Presentations from the TIC Conference are available online.
Presutti Named New GM in Des Moines, IA
The Des Moines Area Regional Transit Authority (DART) in Des Moines, IA, has named Elizabeth Presutti its general manager, effective July 1. She succeeds Brad Miller, who is joining the Pinellas Suncoast Transit Authority in St. Petersburg, FL, as its chief executive officer.
Presutti came to DART in 2008 as chief development officer and has 12 years of transit industry experience.
“Not only is Elizabeth well qualified for the position, she is the right person for the job at this critical junction for DART,” said Angela Connolly, Polk County supervisor and chair of the DART Commission. “She is well known and respected throughout the region, and has an intimate knowledge of all of the major projects at DART. Under Elizabeth’s leadership, we won’t skip a beat in our plans to improve public transit for Greater Des Moines.”

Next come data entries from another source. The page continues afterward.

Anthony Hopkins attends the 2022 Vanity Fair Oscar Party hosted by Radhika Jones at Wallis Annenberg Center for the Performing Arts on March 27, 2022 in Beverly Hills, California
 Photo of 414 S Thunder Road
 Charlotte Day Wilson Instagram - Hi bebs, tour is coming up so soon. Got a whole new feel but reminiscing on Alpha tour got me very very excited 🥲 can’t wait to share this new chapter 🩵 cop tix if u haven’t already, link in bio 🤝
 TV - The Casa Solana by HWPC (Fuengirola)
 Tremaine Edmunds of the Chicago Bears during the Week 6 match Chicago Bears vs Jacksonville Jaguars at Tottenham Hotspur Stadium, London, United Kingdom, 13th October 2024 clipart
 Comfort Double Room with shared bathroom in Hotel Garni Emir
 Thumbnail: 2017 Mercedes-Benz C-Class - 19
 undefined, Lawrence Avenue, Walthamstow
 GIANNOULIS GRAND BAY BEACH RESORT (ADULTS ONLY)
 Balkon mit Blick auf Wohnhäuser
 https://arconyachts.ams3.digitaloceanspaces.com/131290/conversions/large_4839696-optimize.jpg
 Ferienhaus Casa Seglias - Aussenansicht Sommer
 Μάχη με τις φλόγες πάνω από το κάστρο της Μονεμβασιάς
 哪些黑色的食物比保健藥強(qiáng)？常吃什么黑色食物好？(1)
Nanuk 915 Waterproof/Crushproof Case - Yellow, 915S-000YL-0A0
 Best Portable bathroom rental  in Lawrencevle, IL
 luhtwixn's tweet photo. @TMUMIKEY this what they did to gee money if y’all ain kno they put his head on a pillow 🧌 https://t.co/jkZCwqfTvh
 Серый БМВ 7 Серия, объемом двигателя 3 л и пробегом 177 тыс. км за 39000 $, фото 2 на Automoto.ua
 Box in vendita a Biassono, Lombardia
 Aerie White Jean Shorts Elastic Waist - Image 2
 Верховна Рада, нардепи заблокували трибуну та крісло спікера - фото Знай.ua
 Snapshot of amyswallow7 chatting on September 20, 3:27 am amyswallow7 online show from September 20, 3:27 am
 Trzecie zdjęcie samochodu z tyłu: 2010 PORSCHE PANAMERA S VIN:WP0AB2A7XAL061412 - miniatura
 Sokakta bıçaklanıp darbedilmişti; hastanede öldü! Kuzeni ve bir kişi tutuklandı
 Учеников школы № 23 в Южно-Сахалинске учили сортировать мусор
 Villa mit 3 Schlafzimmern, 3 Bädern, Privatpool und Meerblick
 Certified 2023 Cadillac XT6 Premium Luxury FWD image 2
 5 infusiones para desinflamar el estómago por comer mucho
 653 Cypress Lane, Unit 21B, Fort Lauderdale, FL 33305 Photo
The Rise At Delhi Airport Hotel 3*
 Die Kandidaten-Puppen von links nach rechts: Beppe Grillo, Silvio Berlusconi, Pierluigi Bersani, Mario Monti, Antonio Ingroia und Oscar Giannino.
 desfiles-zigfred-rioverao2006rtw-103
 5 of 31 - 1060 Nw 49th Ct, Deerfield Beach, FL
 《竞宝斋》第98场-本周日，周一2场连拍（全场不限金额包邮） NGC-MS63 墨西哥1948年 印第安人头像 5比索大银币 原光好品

Bloomington-Normal, IL, Hires Johnson as GM
The Bloomington-Normal Public Transit System in Bloomington, IL, has hired Andrew Johnson, deputy director of Waukesha Metro Transit in Waukesha, WI, as its new general manager. He joins the agency Aug. 8.
Johnson worked for the Waukesha system as finance officer from 1992 to 1998 and returned in his current post in 2003. In the interim, he worked in financial operations for Protective Life Insurance, HALO Branded Solutions, and Weyerhaeuser Company. He earned both his bachelor’s degree in finance and his master of business administration degree from Marquette University.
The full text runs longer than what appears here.